Comme je l’ai indiqué, 3 tendances de fonds bouleversent la consommation (consommation digitalisée consommation affinitaire, consommation responsable et durable). C’est sur ces tendances que nous avons décidé de créer Experienced Capital, car elles permettent à de nouvelles marques d’émerger, et c’est elles que nous voulons accompagner.
C’est, par exemple, le cas de Jimmy Fairly, qui est en train de révolutionner le marché de l’optique en France, et que nous avons accompagné dans sa première phase de croissance.
C’est aussi le cas de la marque de mode pour homme Balibaris, de la marque de mode pour femme Sœur ou Sessun, de la marque de cosmétique Oh My Cream ! ou des lieux de karaoké BAM, pour ne citer qu’eux au sein de notre portefeuille.
Vous avez mentionné lors d’une précédente interview une période de déconsommation dans le secteur du prêt-à-porter. Comment cette tendance a-t-elle évolué depuis lors ? Cela explique-t-il vos investissements plus récents dans l’industrie dans les loisirs et la restauration ?
Il y a en effet depuis quelques années une tendance à la décroissance dans le secteur du prêt-à-porter milieu de gamme, mais c’est un segment sur lequel nous ne sommes pas.

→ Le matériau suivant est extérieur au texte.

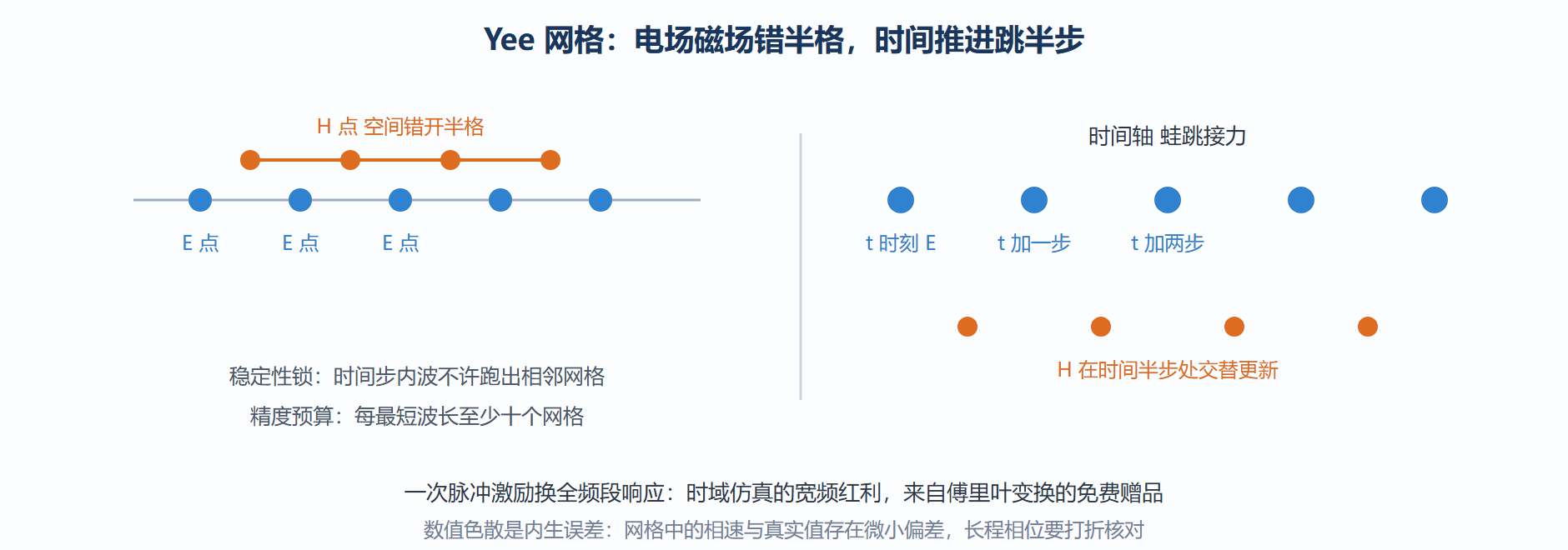 Yee 交错网格与蛙跳推进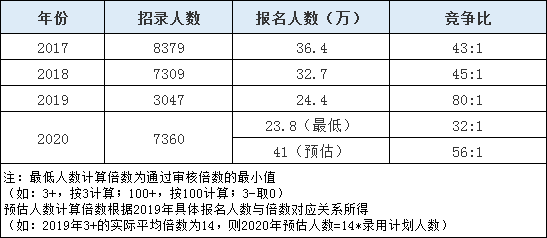 2020年山東省考報(bào)名人數(shù)或超往年10余萬人！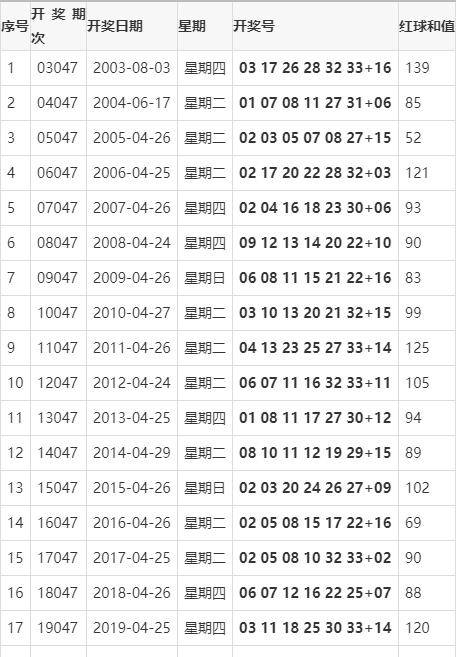 双色球开奖2021047,2019年双色球开奖回顾，第47期揭晓的幸运与期待
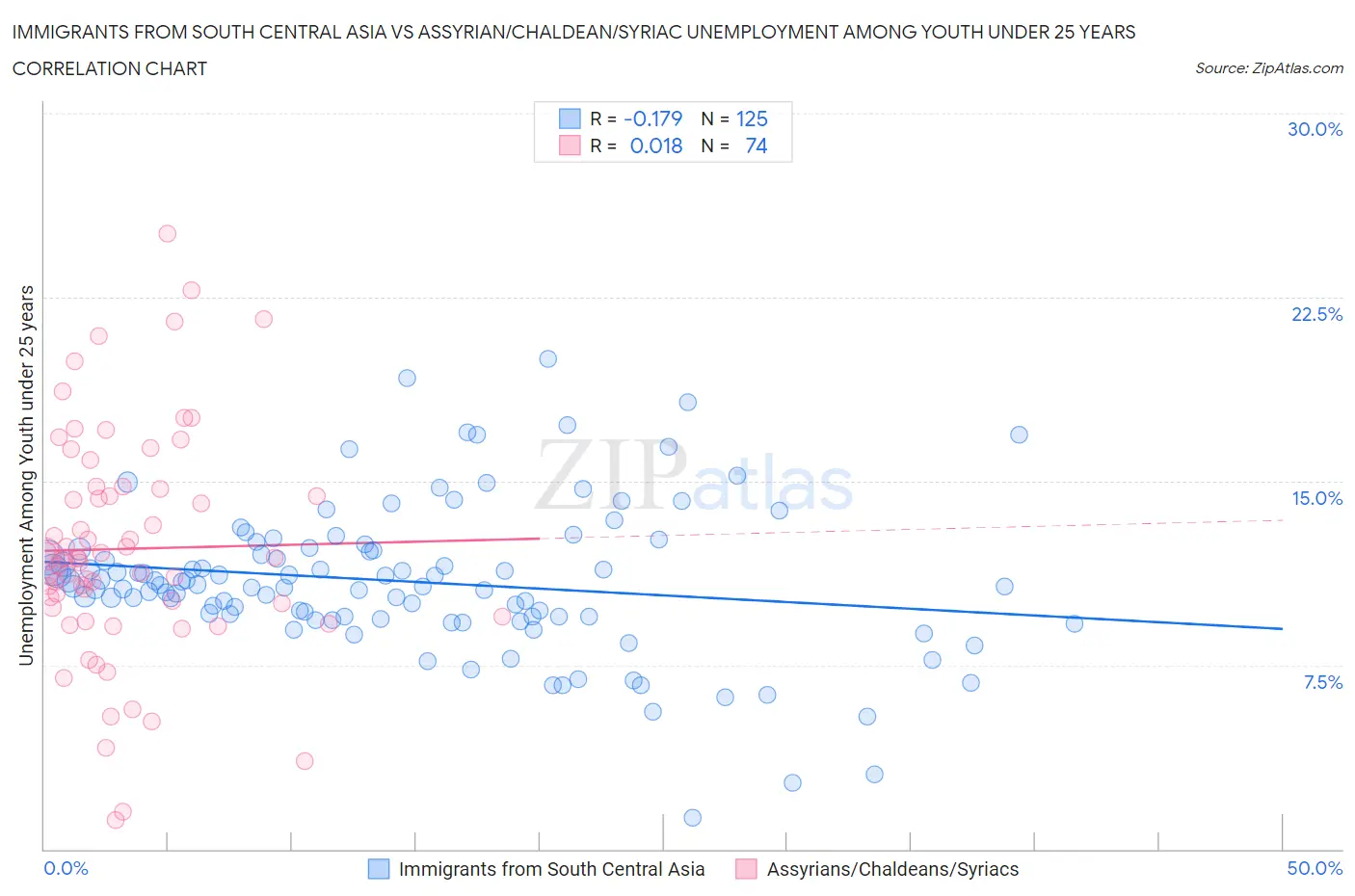 Immigrants from South Central Asia vs Assyrian/Chaldean/Syriac Unemployment Among Youth under 25 years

Nous intervenons sur le segment situé au-dessus, celui du « luxe accessible » qui lui se porte très bien, car il s’adresse à ce client CSP+ dont le pouvoir d’achat est préservé. Ce ne sont pas du tout les mêmes marchés.
Je suis personnellement favorable à une consommation beaucoup plus raisonnée, dans le cadre de la transition écologique et énergétique qui est indispensable. Je me réjouis donc de la déconsommation de produits de mauvaise qualité, produits au bout du monde et dont la durée de vie est limitée. Nous n’accompagnons que des marques ayant une vraie démarche RSE, de création de produits de qualité, durables, qui aident à « consommer moins mais mieux ».

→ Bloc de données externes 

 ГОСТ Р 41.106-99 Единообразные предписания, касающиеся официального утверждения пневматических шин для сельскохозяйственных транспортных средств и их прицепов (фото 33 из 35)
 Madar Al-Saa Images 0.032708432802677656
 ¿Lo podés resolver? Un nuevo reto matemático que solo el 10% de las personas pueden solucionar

Notre diversification sectorielle est partie-prenante de notre stratégie d’investissement, dès l’origine d’Experienced Capital, car nous considérons que les tendances évoquées précédemment sont communes à tous les secteurs de la consommation, du loisir à la restauration, en passant par la cosmétique ou la décoration. Ce sont exactement les mêmes tendances de marché.
Votre parcours professionnel est marqué par plusieurs transitions entre différents secteurs et entreprises. Comment ces expériences variées ont-elles influencé votre approche envers les fusions-acquisitions et les investissements dans le Private Equity ?
Mon parcours est celui d’une évolution progressive vers ce que je fais aujourd’hui, à savoir diriger un fonds d’investissement dédié aux marques premium.
En effet, depuis près de 25 ans, j’évolue dans le secteur de la consommation. D’abord chez Saint-Gobain Distribution (distribution de matériaux), puis chez Casino (distribution alimentaire), puis au sein du groupe SMCP (mode), pour enfin créer ECP. Depuis 25 ans, le client est au cœur des préoccupations des sociétés dans lesquelles je travaille. C’est un fil conducteur.
Par ailleurs, dans ce secteur de la consommation, j’ai exercé 2 métiers financiers : du M&A dans des structures corporate (Saint-Gobain puis Casino) pendant les 10 premières années, puis des fonctions de direction générale finance (Franprix Leader-Price puis SMCP) pendant 7 ans.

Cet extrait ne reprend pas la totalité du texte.